Inspiration

Resolution or Goal!?

I always begin the new year with a reflection of what I learned a year prior. With that being said this has been a complete blast yet very emotionally draining year. My beloved “state of mind” home was sold this year, my son moved to Colorado, and I learned that Dallas would be my home for the next several years. Every year I make a picture book for all my children, like a sort of yearbook for them to look back on the good things we did over the past year. So, when they look back on their childhood and the mundane tasks they had to overcome, they realize there were a lot of blessings along the way.

The night before 2019 has pushed 2018 aside, I sit wondering if I should spend the next year focused on creating more happy moments for the children or if I should focus on building my independent small press company? Do I have a right to dream at this point, or should I postpone the season of my personal success so that I can give them more opportunities for their success? I’ve been a stay-at-home mom for 26+ years and I think I’ve paid my dues? So should I set goals and resolutions?

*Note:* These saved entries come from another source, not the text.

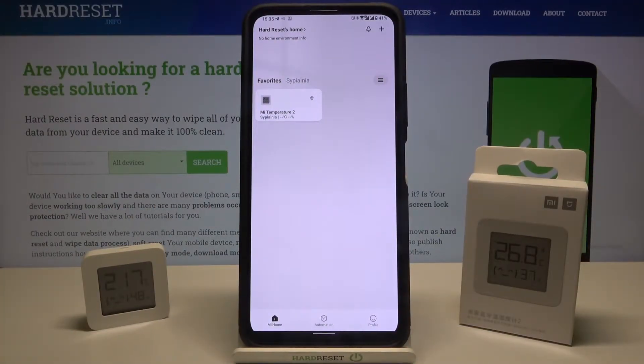Welcome! In front of me I have Xiaomi Mi Bluetooth Thermo second version and I'm going to show you how we can unpair this device from your Android smartphone.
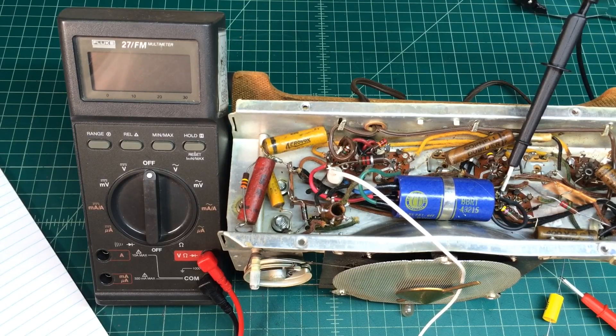Hey guys, welcome back. We're looking again at the underneath side of that Arvin 451 from around 1950.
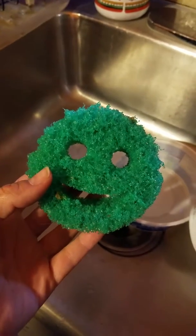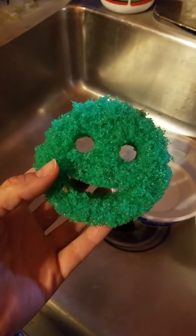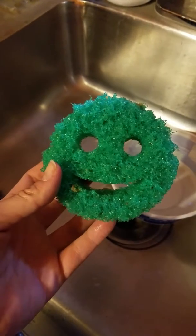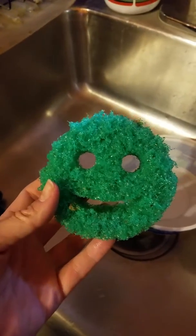I'm going to discuss the stupid sponge, the smiley faces — I think they're called Scrub Daddies. So they're supposedly not supposed to scratch, right? Well, let's have a look. I'm going to prove that false advertising.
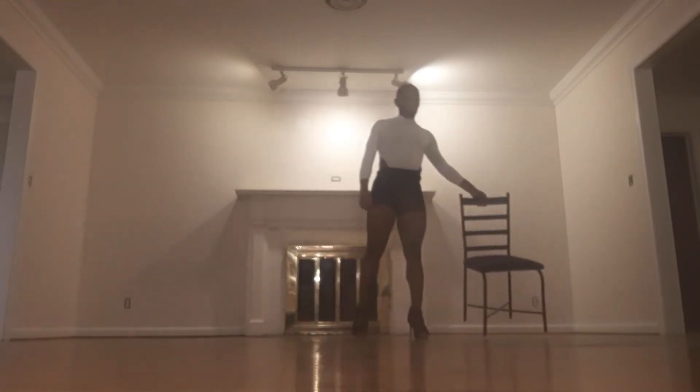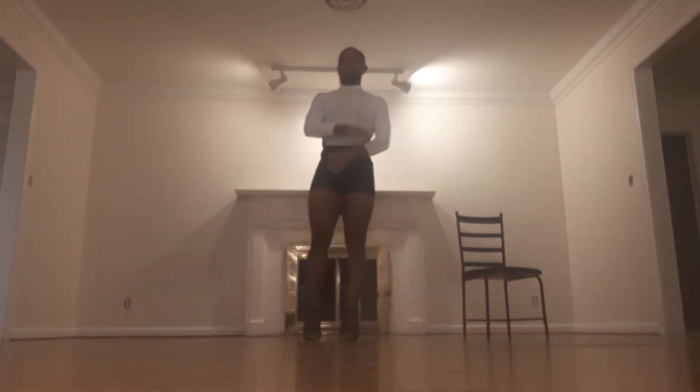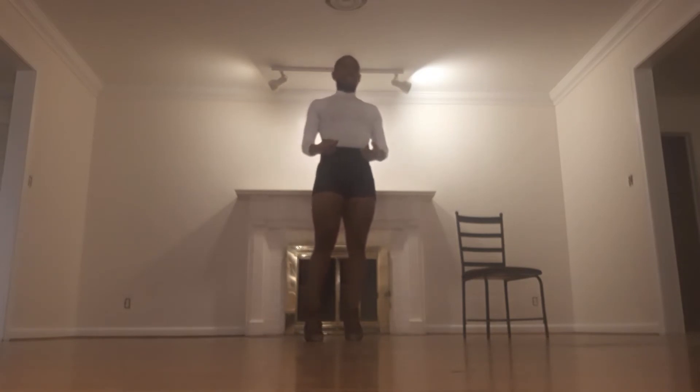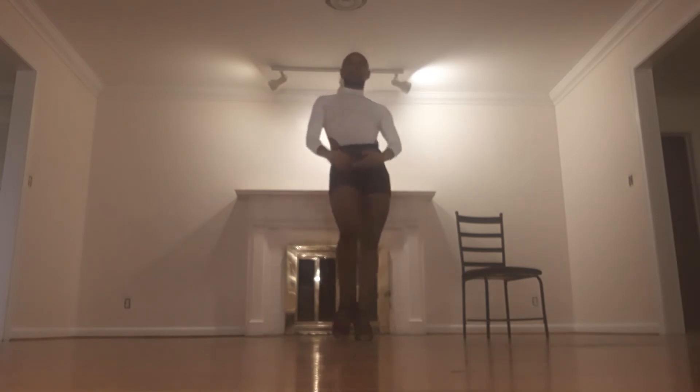I'm going to do that facing the front without the chair very quickly, so that you can see what all of that looks like from the back as well.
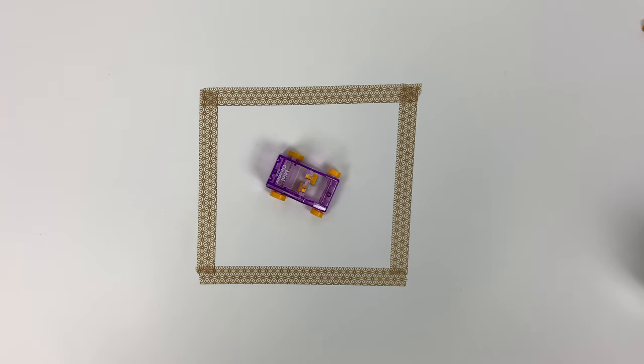Hi everyone, welcome to a very special episode on the Tokyo Pen Shop YouTube channel. We've got a product here called the Mini Cleaner — it's actually a limited edition version — and we wanted to show you exactly how it works.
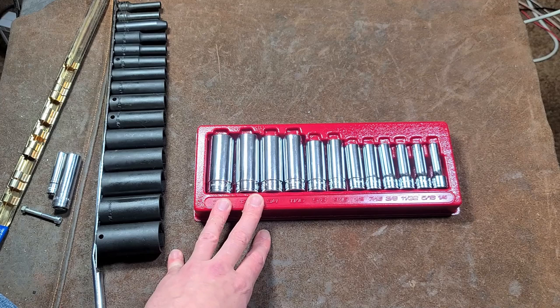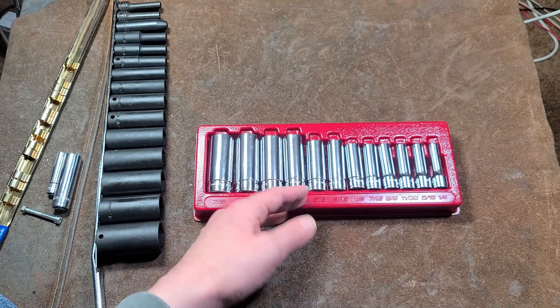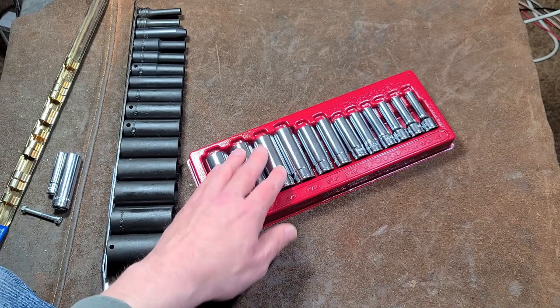Overall the fit and finish is good, but we'll see how soft they are and how badly they get dinged up and rounded out. The 2.25-inch shorter sockets may also end up being a real frustration — it just seems odd given that the impact sockets are a regular 2.5-inch height as you'd expect. Anyway, that was my quick review of the Harbor Freight Icon chrome sockets.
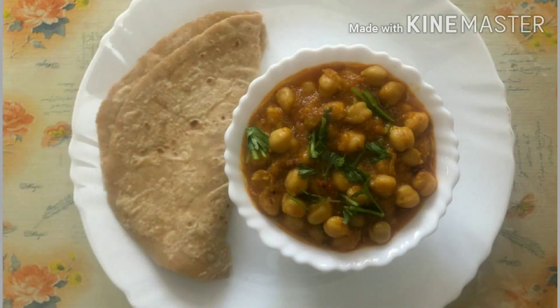We are going to eat the chapati, curry, and roti. We are going to eat a nice masala gravy.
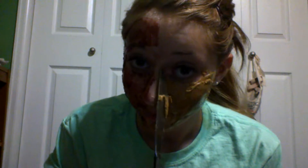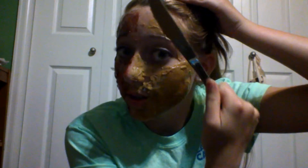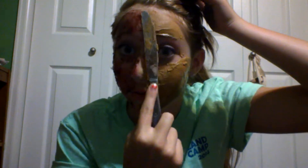I actually got this idea from Gen X Pen, and sort of Conor Panta too. And honestly, it's a pretty fun idea.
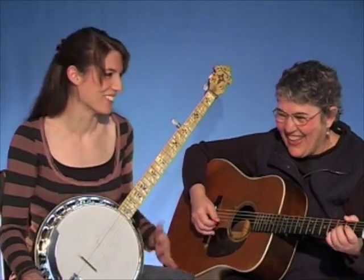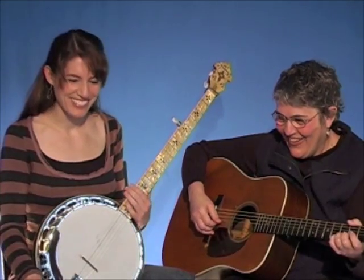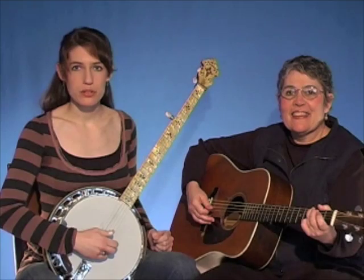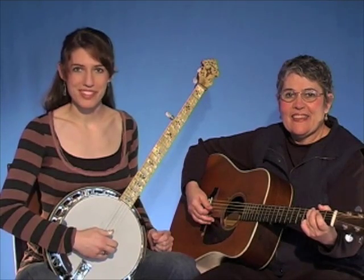Now we're going to take our break to Salty Dog and put it together with the guitar. We're going to play it at a kind of medium tempo so you can play along if you want to. Here we go.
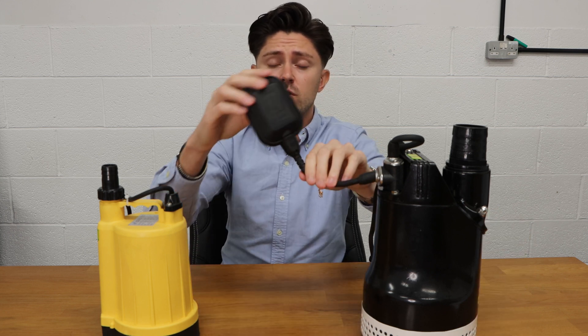The disadvantage of having a pendant float like this is it might get caught or not turn off at an exact level. So there are various styles of float switches available.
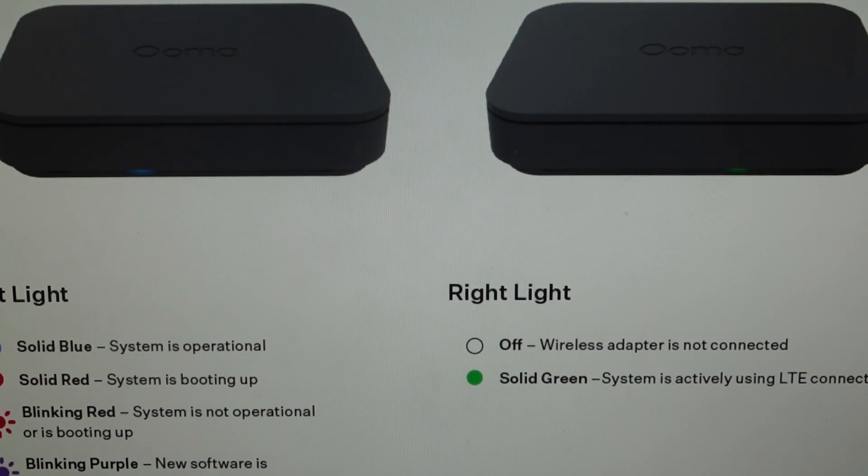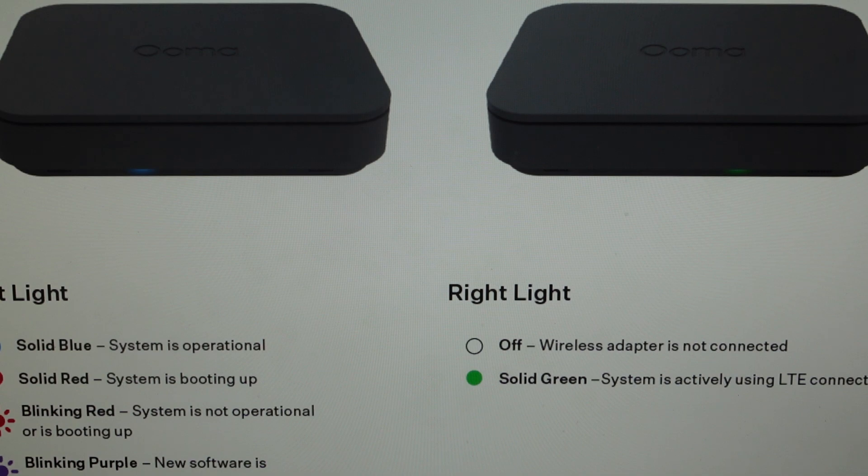After doing that cycle, once the LED has returned to solid red, you can continue to hold the reset button for another 10 seconds, then release it. The unit will reboot into its factory default settings.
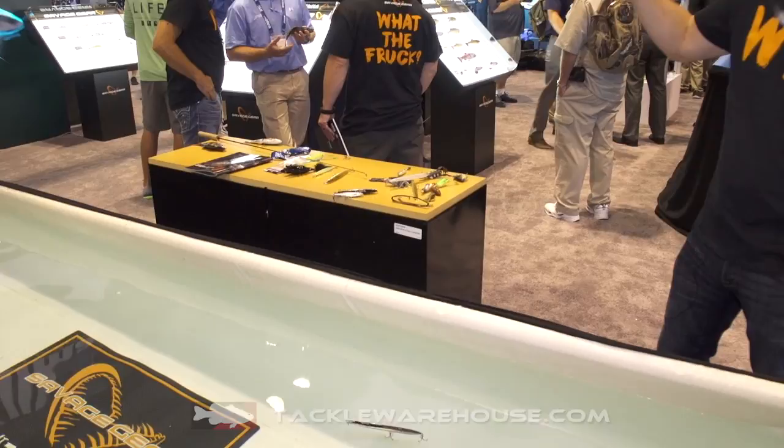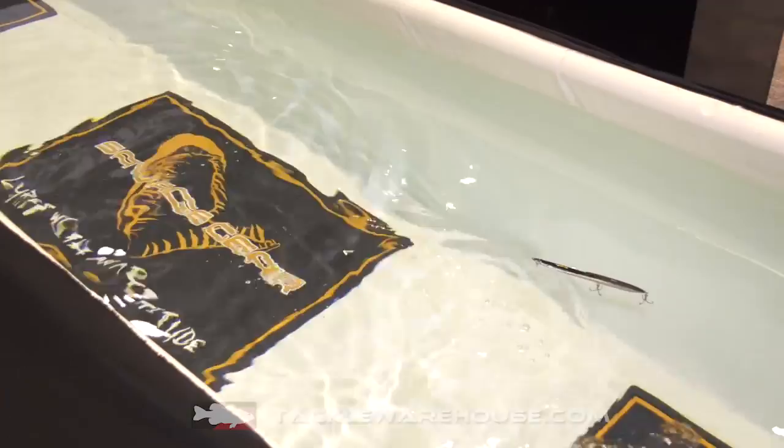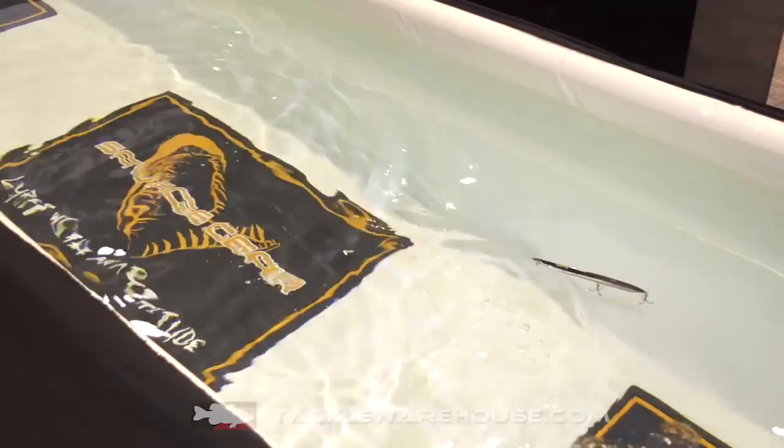It's super for search, casts a mile, and has the most incredible big sliding action and big flash. In all the waters where you have needle fish and these long bait fish, this is just an amazing imitation. It's a super topwater pencil bait for multiple species.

Here’s my mommy/businesswoman advice: we all have these questions. We all have that dialog that tells us we’re not doing enough for our kids, they won’t have a relationship with us if their childhood is not constantly happy, or we’re just not good parents. Give yourself a break! Kids will find our errors if we do everything right! You’re not perfect! Neither am I but after witnessing my grown kids tackle life I’m glad I’m not! In an effort to try to give my children everything I did not have I thought I had forgotten to give them what I did. I was wrong! My kids are happy independent adults making their way. They’re decent and honest. They don’t disparage other humans. They fight for the underdog. They both are faithful believers. How much more success is there?

Relax! Make your goals! Don’t be afraid to put yourself first sometimes because then when you do, that happiness will trickle down to those you love! You will teach your kids how to be a healthy happy adult! Find the right fit and balance for your own life!

Happy New Year! 🎊🎆🎈 May this year be all that you desire and bring reverence and respect from those you cherish!

amwriting, Inspiration

Why do we care so much!?

The other day, I posted some witty banter about a declaration. My statement was designed to make people think about the word “pride.” You see sometimes I am prideful and sometimes I am not. When I get haughty and I believe that I deserve a certain something, that’s when pretty much everything in my life takes a drastic turn from relationships to successful income to you name it. In addition to my efforts in transparency, I wanted to publish the statement so that in the next few days when I am not feeling so humbled, I can peruse through my social media and remember to let go of that which I cannot control.

Sadly, all it did was make people feel I was sad or make people feel I was desperate. Neither of which is true. My post said something like this: “there is peace in knowing that in 100 years whatever I did will not matter.” I wasn’t trying to go dark. I’m certainly not a quitter. I’m certainly not somebody who wouldn’t try to make an impact on society. That’s just did my make up.

I wrote that statement as a testimony of the actualization an understanding that comes from their ability to see I have no control. Therefore, when I tried to over exceed and put wealth as a tagline to my speaking or writing books or promoting other authors or publishing other author books, I am reminded that I can only do what I can do. I may never be The best Publisher, the best writer, the best speaker and somehow that gave me a sense of peace. I stopped trying to do it to be the best and started trying to do things that I love to do. And somehow, releasing that need to make my mark gave me immense peace.

That might cause anxiety for somebody else but for me, as a self-proclaimed control freak, today anyway, I’m a little bit calmer. The impact I have on today is only for the legacy I will leave behind for those I already know. I will have no impact on their children’s children. Somehow, learning to be the best person I can be so that my dialogue with myself is joyful, confident, and ultimately peaceful. After all, isn’t that what all of us want?

Why do you care so much? What’s the worst that can happen? Learning when to speak and what to say is profoundly as important as knowing when to shut up and be quiet 🤐! Lol Learning this fundamental art can be the difference between life long-lasting relationships with the legacy you want to leave versus a life filled with angst and torment from feeling out of control. I write this today as much for anybody who reads it as well as for myself for reference I don’t later date when I will certainly need it!